Demikian kutipan dari Kengpo, 22 November 1934.
Cap untuk batik pun telah digunakan di Jawa sejak tahun 1815 tak lama setelah para pengusaha batik menggunakan kain katun putih dari Inggris tahun 1913. Cap ini pun awalnya berupa balok kayu, terinspirasi dari India, seperti yang diungkap Van Deventer.
Dari kutipan Koran Kengpo 1931, salah satu koran Melayu Tionghoa terbesar di Hindia Belanda, Lasem telah terkenal sebagai Kota Batik bahkan pada era 1930-an. Bahkan jauh sebelum itu, pada 1873 telah disebutkan bahwa Lasem yang merupakan bagian dari Residen Rembang hanya memiliki batik tulis menggunakan canting, demikian catatan di Bijdrage tot de kennis der Inlandsche Katoen–industrie op Java dalam Tijdschrift voor nijverheid en Landbouw in Ned. Indie.
Lebih lanjut dalam artikel tersebut dikabarkan:
“Perdagangan disini (Lasem) ada rame. Teroetama penting jalah export dari sarong–sarong (sarong Lasem) barang mana banjak sekali dikirim pergi ke Singapore d.l.l. tempat. Harga dari itoe Export sarong ada berdjoemblah kira–kira 3.000.000 roepia dalem satoe taon. Djadi dalem satoe taonnja kira–kira f 3.000.000 (zegge : tiga millioen roepiah) oewang dari loear negri masoek di kota Lasem boeat tjoema goena beli sarong Lasem sadja. Atawa per boelan oeang dari loear poelo Java jang djato dalem tangannja handelaren Tionghoa di Lasem berdjoemblah f 250.000. (zegge : delapan riboe ampat ratoes roepiah) dalem satoe harinja!.... Tida melaenken di tempat–tempat dalem poelo Java sadja batik Lasem banjak disoeka dan diminta, tapi poen boeat di loear Java, oepama di Tanah Sebrang dan djadjaran Inggris, batik Lasem tida koerang populairnja!”
Dikutip dari koran Kengpo yang sama, Lasem dan perusahaan batiknya tercatat dalam Beknopte Encyclopaedie van Nederlandsch Indie yang terbit 1921. Buku itu menyebutkan bahwa produksi batik tulis Lasem merambah pasar internasional seperti Singapura dengan omset pertahunnya mencapai 3.000.000 gulden/tahun dengan rata-rata pendapatan perhari mencapai 250.000 gulden.

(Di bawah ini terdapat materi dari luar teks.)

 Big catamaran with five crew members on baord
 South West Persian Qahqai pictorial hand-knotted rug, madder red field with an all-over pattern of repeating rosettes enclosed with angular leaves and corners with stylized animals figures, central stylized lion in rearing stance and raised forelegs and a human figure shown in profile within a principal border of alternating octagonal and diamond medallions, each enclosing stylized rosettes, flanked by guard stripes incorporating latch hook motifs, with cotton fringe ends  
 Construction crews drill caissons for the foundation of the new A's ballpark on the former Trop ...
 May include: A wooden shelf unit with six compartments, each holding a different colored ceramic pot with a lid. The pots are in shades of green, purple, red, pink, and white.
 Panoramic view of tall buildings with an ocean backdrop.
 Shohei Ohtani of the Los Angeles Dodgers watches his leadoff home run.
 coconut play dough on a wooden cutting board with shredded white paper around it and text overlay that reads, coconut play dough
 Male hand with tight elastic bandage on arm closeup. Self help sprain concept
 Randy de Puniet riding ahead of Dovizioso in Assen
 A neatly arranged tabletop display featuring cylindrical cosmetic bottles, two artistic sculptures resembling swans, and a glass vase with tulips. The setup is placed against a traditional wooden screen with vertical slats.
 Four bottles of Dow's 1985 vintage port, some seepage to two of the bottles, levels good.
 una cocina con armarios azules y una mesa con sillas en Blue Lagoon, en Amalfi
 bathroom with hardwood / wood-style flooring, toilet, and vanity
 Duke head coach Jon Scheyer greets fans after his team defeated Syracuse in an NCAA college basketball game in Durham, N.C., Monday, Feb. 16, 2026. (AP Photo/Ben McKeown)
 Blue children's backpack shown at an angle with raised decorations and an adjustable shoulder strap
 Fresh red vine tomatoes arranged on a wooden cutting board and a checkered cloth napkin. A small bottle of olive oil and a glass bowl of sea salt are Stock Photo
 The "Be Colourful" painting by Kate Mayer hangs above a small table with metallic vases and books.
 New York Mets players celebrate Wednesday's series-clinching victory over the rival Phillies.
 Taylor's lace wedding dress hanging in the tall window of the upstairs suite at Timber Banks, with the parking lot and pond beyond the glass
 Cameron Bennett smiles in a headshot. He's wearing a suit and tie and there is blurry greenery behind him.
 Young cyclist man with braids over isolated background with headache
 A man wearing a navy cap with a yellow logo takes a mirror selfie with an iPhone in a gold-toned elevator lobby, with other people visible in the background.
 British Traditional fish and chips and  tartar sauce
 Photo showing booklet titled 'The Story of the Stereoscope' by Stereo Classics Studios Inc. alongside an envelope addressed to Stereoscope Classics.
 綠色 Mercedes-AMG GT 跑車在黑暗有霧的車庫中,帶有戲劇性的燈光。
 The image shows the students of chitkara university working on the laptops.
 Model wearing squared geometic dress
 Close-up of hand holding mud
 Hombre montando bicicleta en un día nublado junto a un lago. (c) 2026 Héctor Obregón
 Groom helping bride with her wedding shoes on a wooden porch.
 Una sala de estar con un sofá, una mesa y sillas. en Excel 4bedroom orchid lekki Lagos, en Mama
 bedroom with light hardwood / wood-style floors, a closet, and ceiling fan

Artikel itu juga mengutip laporan Batikrapport 1934, yang menyebutkan bahwa batik Lasem yang berupa sarung banyak digemari oleh penduduk luar Jawa dan luar negeri. Penggemar utamanya adalah orang-orang di Sumatra, Kalimantan, dan beberapa negara-negara di bawah pemerintahan Inggris.
Pada pertengahan abad 19, Lasem sudah menjadi Kota Batik yang memiliki 120 perusahaan batik. Pada saat yang bersamaan Pekalongan memiliki 60 perusahaan batik, Solo memiliki 60 perusahaan batik, dan Banyumas memiliki 77 perusahaan batik.
Hal ini menunjukkan bahwa Lasem telah menjadi salah satu kota batik terbesar di Hindia Belanda pada pertengahan abad ke-19.
Sejak masa awal berdirinya rumah-rumah batik tulis Lasem pada pertengahan abad ke-19, batik Lasem telah menjadi salah satu tempat penghasil batik khas di pesisir pantai utara Jawa.
Batik Lasem sempat terkenal merambah pasar manca negara terutama di Asia Tenggara (Singapura, Srilangka), namun mengalami kemunduran pada 1930-an.